Your teens will be a yo-yo. A heady mix of melancholic longing, feeling the pull of a thousand different directions as you try to find the one that fits. Don’t let the mean girls make you feel less than you are. It was never about you anyway.
There will be this crazy thing called the Internet, it’s hard to explain but basically, at any point on any given day, you’ll be able to see everyone else’s great successes. You’ll look often. It’ll make you feel as though you’re not enough. But I want you to get into the habit of a sense-checking everything you’re seeing. Ask yourself this one question: what is their motivation to show me this? You’ll find the answer to be more simple than you could’ve imagined.
Then get your blinkers on and do your own thing.

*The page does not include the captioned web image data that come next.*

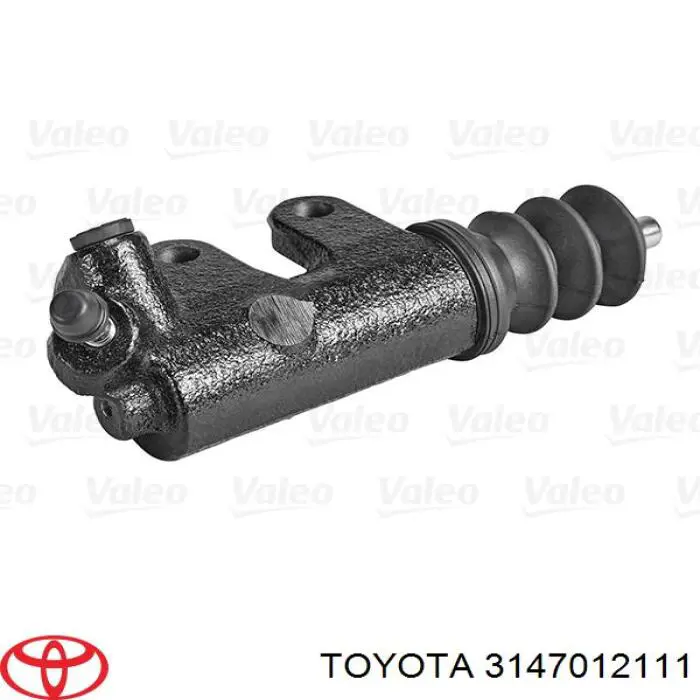 Купити 3147012111 Toyota Робочий циліндр зчеплення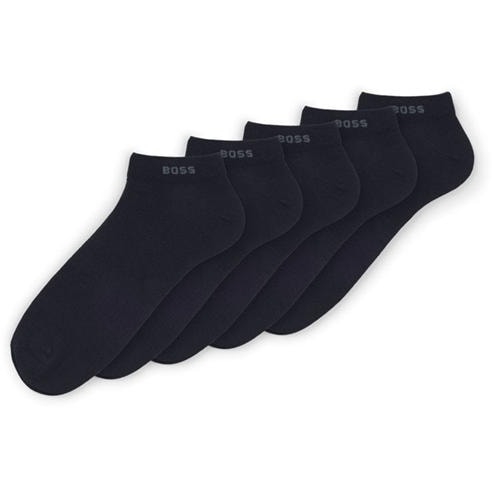 Boss - Boss 5p As Uni Cc 10244663 01 Crew Sock Mens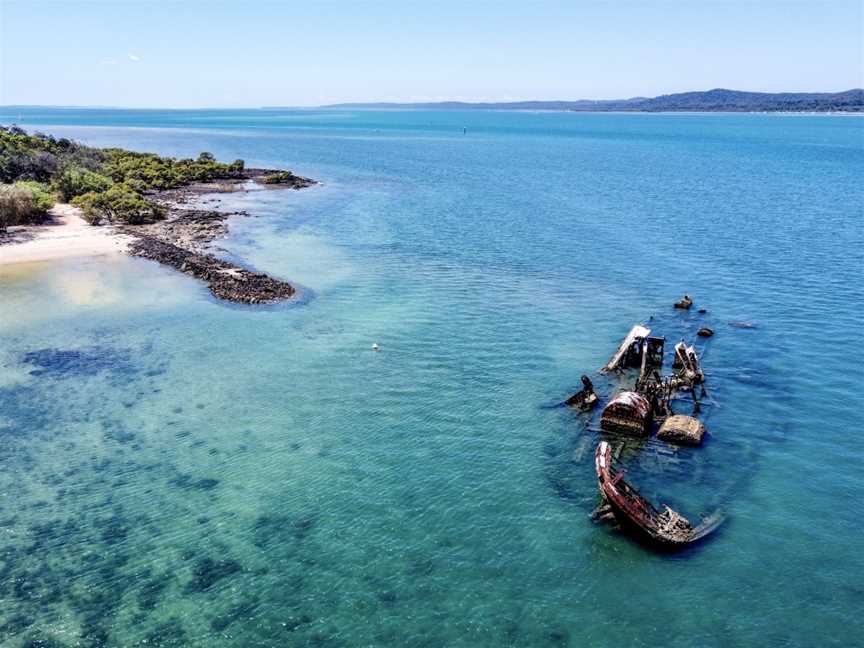 Sovereign Lady Charters, Cleveland, QLD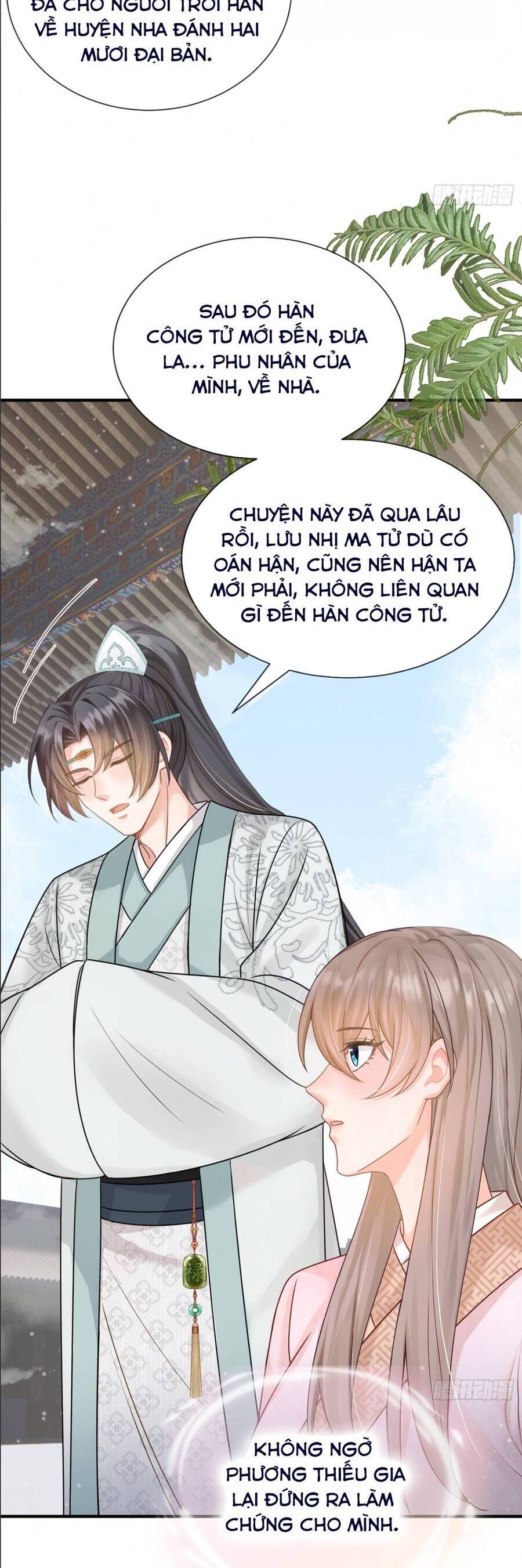 Ta Mang Siêu Thị Xuyên Không Về Cổ Đại Nuôi Tể Tướng Chapter 57 - Next 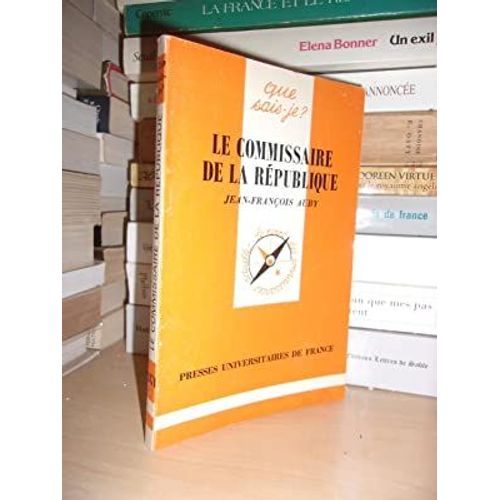 Le Commissaire De La Republique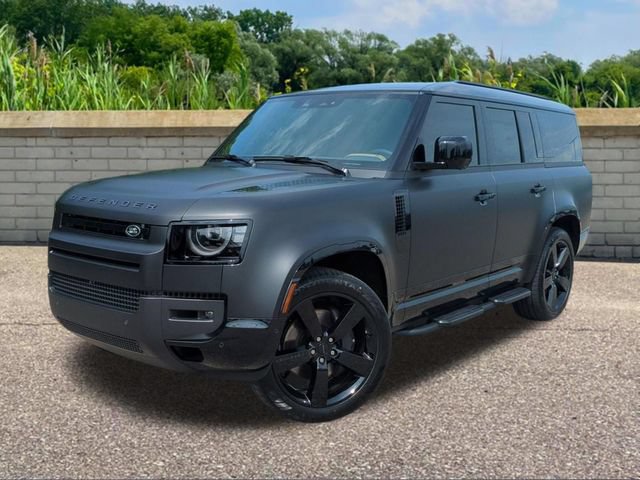 New 2026 Land Rover Defender 130 X-Dynamic SE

Why? Because if you don’t, you run the risk of always looking, always longing. And it’s never possible to figure out your own path from the sidelines. Just. Get. Going.
I won’t tell you what lies ahead because I don’t think that’s helpful, but what I will say is that anything that comes your way, you’ll find the fortitude to face and somehow, you’ll arrive on the other side almost grateful for the challenges, no matter how much they hurt.
Adversity will come, but to push on through and find ways to rise again and again builds strength and resilience. And even if you don’t want this for yourself, do it for your daughter so you can show her what it means to be a person in the world who cares.
Be a person in the world who cares. Make your thing. Root it in who you are. Make it quietly, make it loudly, make it gently, make it bravely. Whatever works for you, on any given day, is absolutely fine. Just get going, and keep going.